You can have more output and less understanding at the same time. That's a strange place to be.
100%, I've seen a lot of that as well.
We've tried to be pretty explicit that no matter who or what wrote the code (you or an AI assistant), you as the code author are still ultimately responsible for understanding and maintaining that code. You shouldn't be shipping something if you can't explain it. But that shift in mentality is real.
And agreed again, the code review process is also a bit strained. When an organization pumps out code three times faster, now there are three times more PRs to review. And it gets worse if every PR contains 1000+ lines of code changes. We have to continue to go back to fundamentals, that PRs should be small, focused, well-scoped changes, since that makes them easier to review and understand without the reviewer experiencing a bunch of cognitive overload. Otherwise you just start rubber stamping PRs without actually reviewing them.
It seems that as an industry we're having to re-learn some of the basics that we've known for decades. (Or, find new ways to solve the new problems we've created for ourselves.)
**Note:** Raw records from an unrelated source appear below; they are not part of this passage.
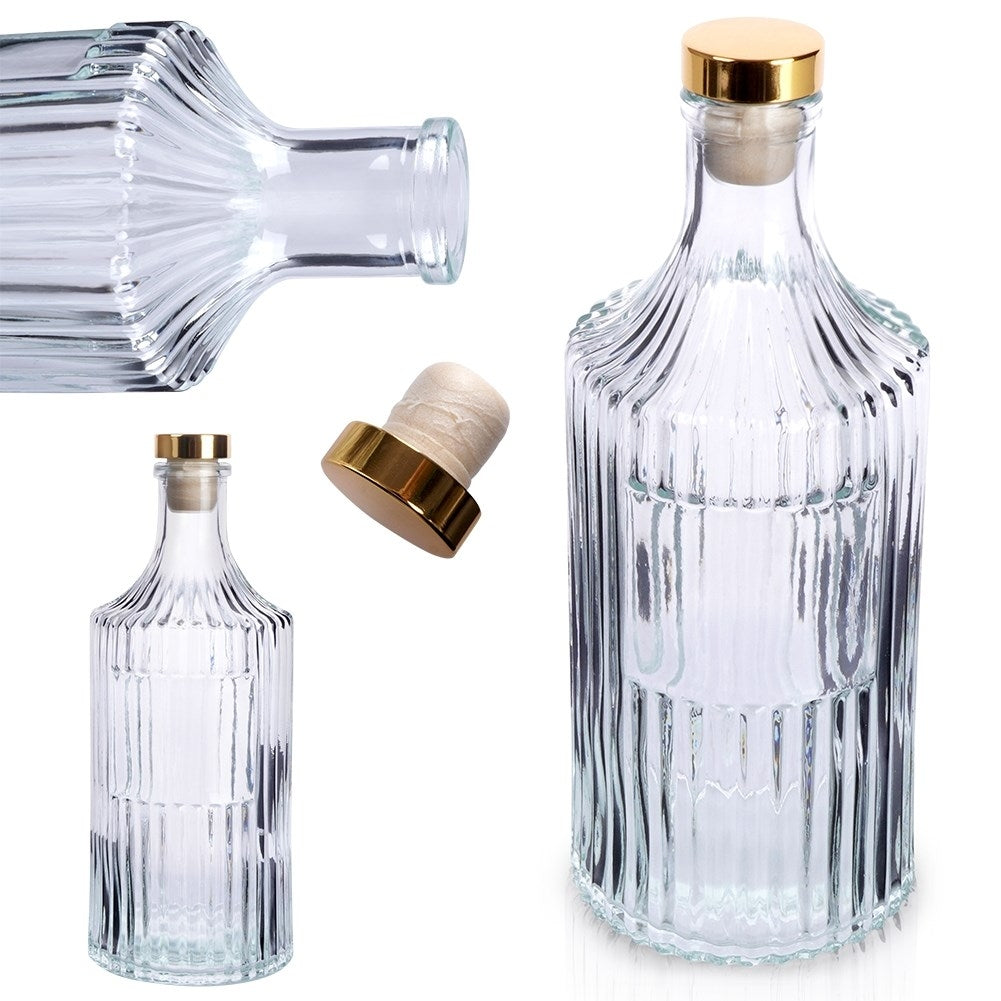 Elegant glass bottle with gold cap for drinks and decoration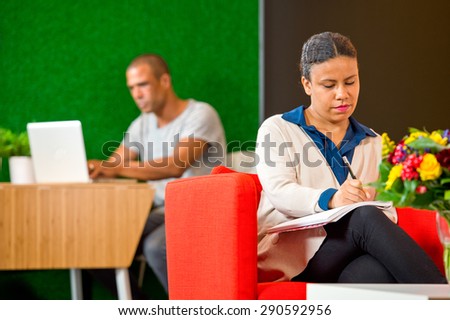 Young woman, taking notes and writing down ideasin a corporate lobby annex lounge on casual friday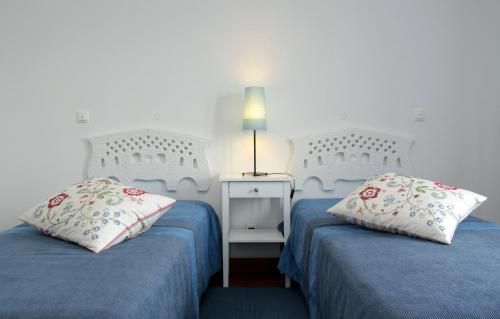 a bedroom with two beds and a lamp on a table at HI Alijo - Pousada de Juventude in Alijó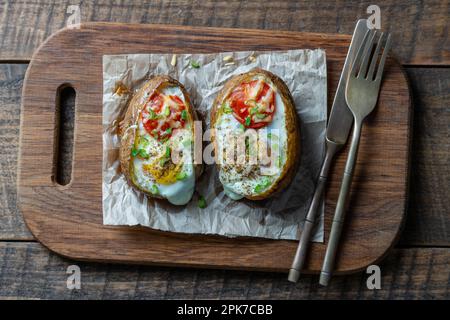 Baked potatoes stuffed with cheese, tomato, green onion and eggs on wooden background, top view, close up Stock Photo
The cobra farm analogy is perfect — I've seen teams where the 'most AI-assisted' devs produced the most reverted PRs. Measuring outcomes instead of output sounds obvious until you try to define what a good outcome actually is.
Absolutely, that's the tricky (but essential) part!
The distinction between output and outcome is where most AI rollouts quietly die. Teams ship features fast, token counts go up, and it looks like progress — until someone asks whether any of it actually moved the metric.
As a PM this is the exact conversation I keep having: usage dashboards are not success metrics. The hard part is designing outcome signals upfront, before the build starts, so you’re not retrofitting accountability onto a pile of shipped features.
Good framing. Bookmarking this for the next sprint planning where someone wants to measure AI value by lines of code generated.